Fifty cents for every tax dollar goes for the current military budget and back pay for past wars and military engagements! And that doesn’t even include what is budgeted for the CIA, the NSA or any other of our secret agencies—their budget amounts are classified! That also doesn’t include the $380 billion dollars in unbudgeted requests by the military that have been repeatedly approved year after year because none of our elected officials want to come across to all of us as being “unpatriotic!”
So why did I get off on this tangent? Because I want you to hear that holiness is not just personal spirituality—it is social spirituality. It is an ethic of living in the world without blinders on! It is about believing not just in Jesus but in what Jesus preached! Jesus preached a devout personal holiness, the good news of God’s love for the individual person—and he also preached social holiness, the good news of God’s plan for God’s kingdom and our role in that kingdom. The awakening to our adoption by God is a part of the fulfillment of that kingdom—but so is release to the captives, so is recovery of sight to the blind, so is freedom for the oppressed.
Look at your hymnals—go to your table of contents. You see there on page ix, under Sanctifying and Perfecting grace? That is the third part of our threefold Wesleyan understanding of grace. You see some hymns are related to personal holiness and some hymns are related to social holiness? That’s because Wesley, the founder of Methodism believed and our heritage is that there is no personal holiness without a social expression of that holiness, and there is no social holiness without a personal holiness! Holiness means right living, it is the experience of sanctifying grace—that grace that leads us toward our intended natures.
“Preaching Jesus” could be translated as “personal holiness” while preaching what Jesus preached could be translated as “social holiness.” We have to be mindful of both—we must celebrate both in order to live up to the great example that has been set for us in the life of Jesus.
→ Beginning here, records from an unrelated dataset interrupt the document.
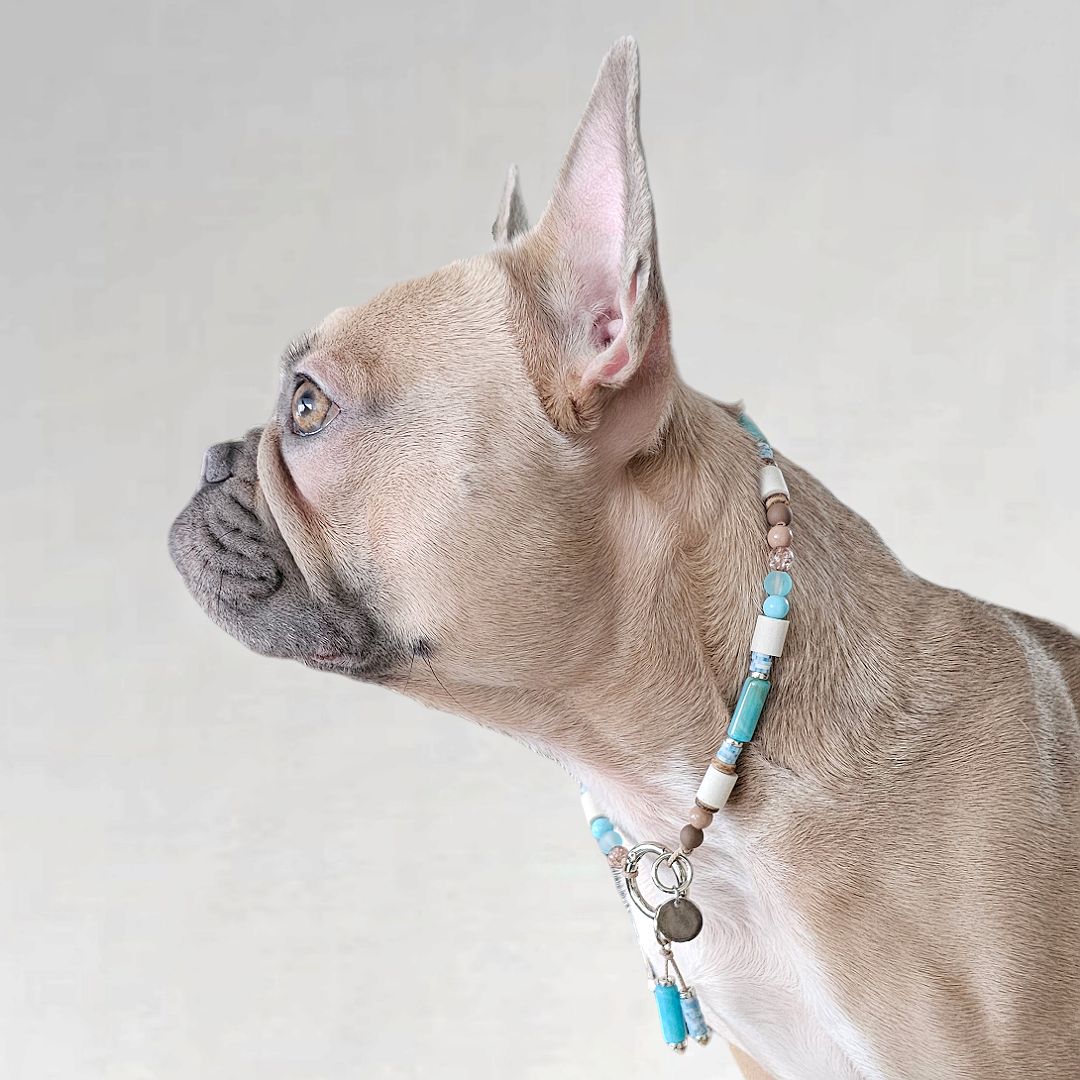 LivalaPip™ - Anti-tick chain - Aqua Breeze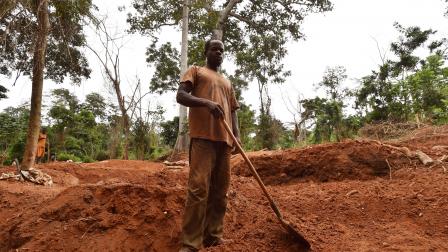 أحلام الذهب دمرت مزارع الكاكاو في غربي أفريقيا (getty)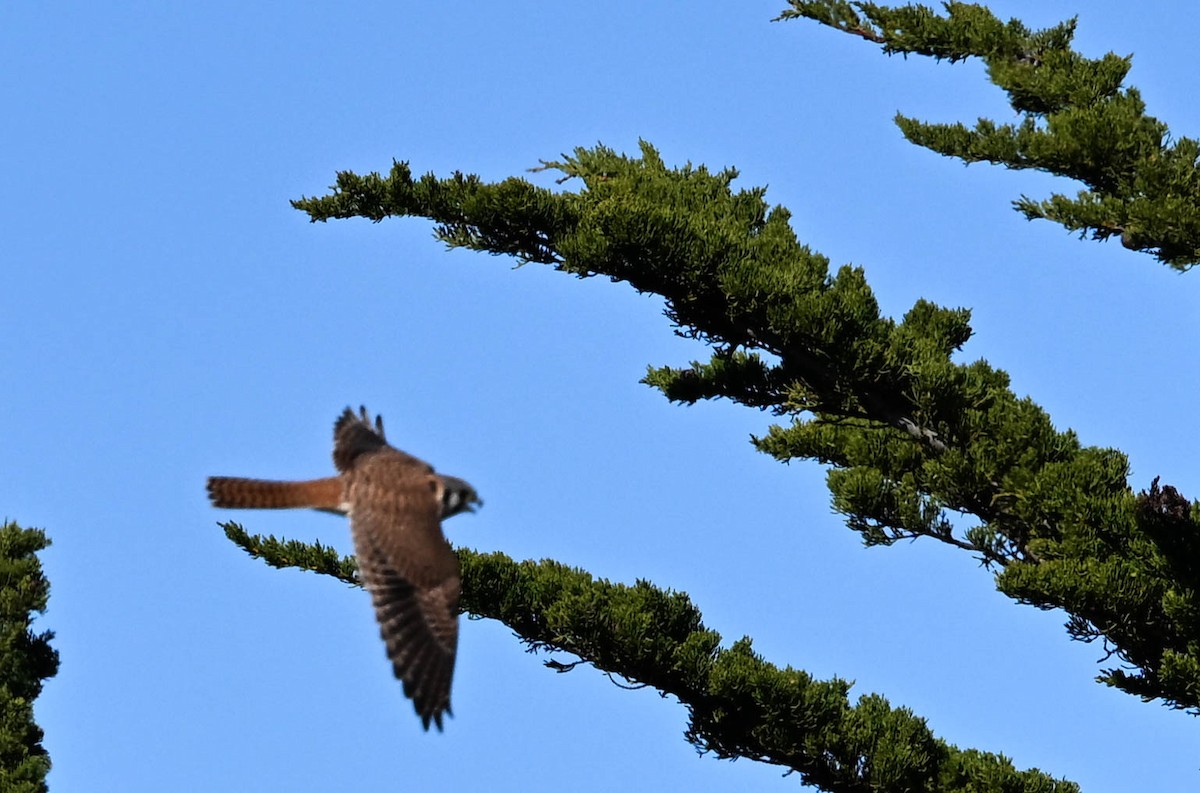 American Kestrel - ML630619883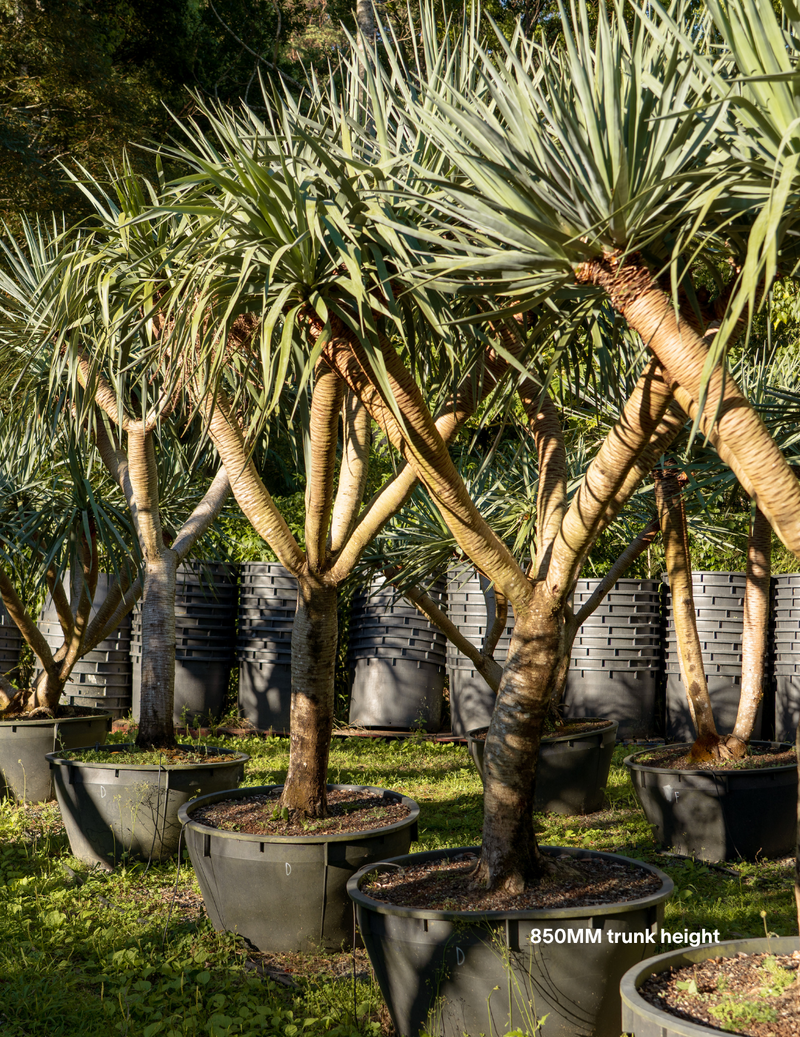850MM trunk - Ex Ground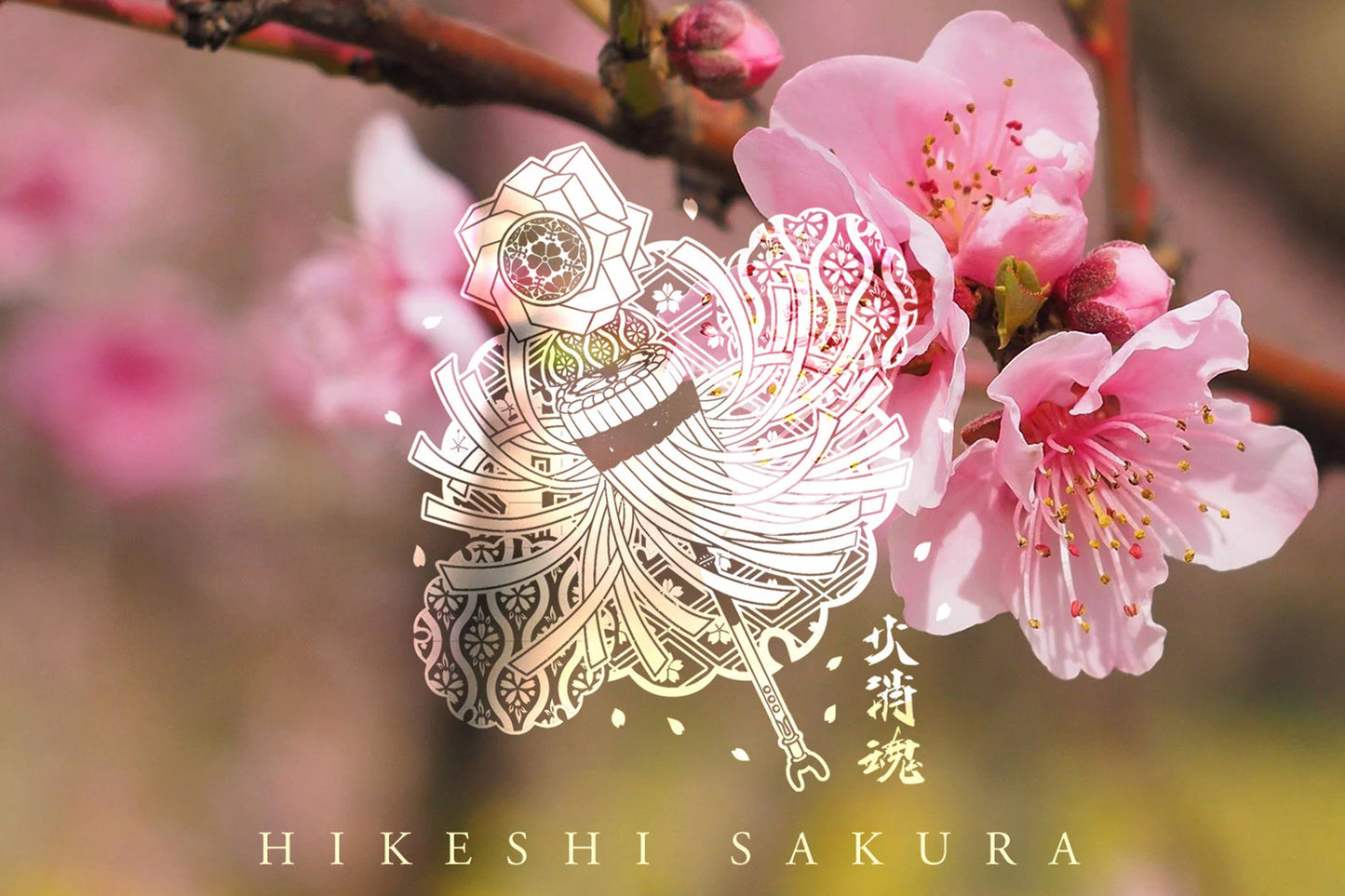 HiKESHi SPiRiT 桜花爛漫UV キッズTシャツ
Lawrence Wood concludes his article about today’s scriptures by referencing the Psalm that we heard—he writes, “Maybe the ‘heavens are telling the glory of God’ because they are above mere politics and can put truth and justice in something other than a partisan perspective. Or perhaps they have resolved not to wait. In any event, the heavens are doing their part; they ask us to join in the telling.”
Yes! Taking off the blinders is saying loud and clear that we believe God can and must be glorified even in the face of the darkness in this world. We mirror the magnificent expansive circuit of the sun when our view of our surroundings is not narrowed by what we choose and choose not to pay attention to. The harsh realities we may discover are not evidence for hopelessness, they are promptings share God’s good news! Put your trust in the truth of God’s presence, and the darkness of the world will come to light, in the “light of his glory and grace.” Amen

1 comment:

  1. AMEN PREACHER!!!!!!!!!!!!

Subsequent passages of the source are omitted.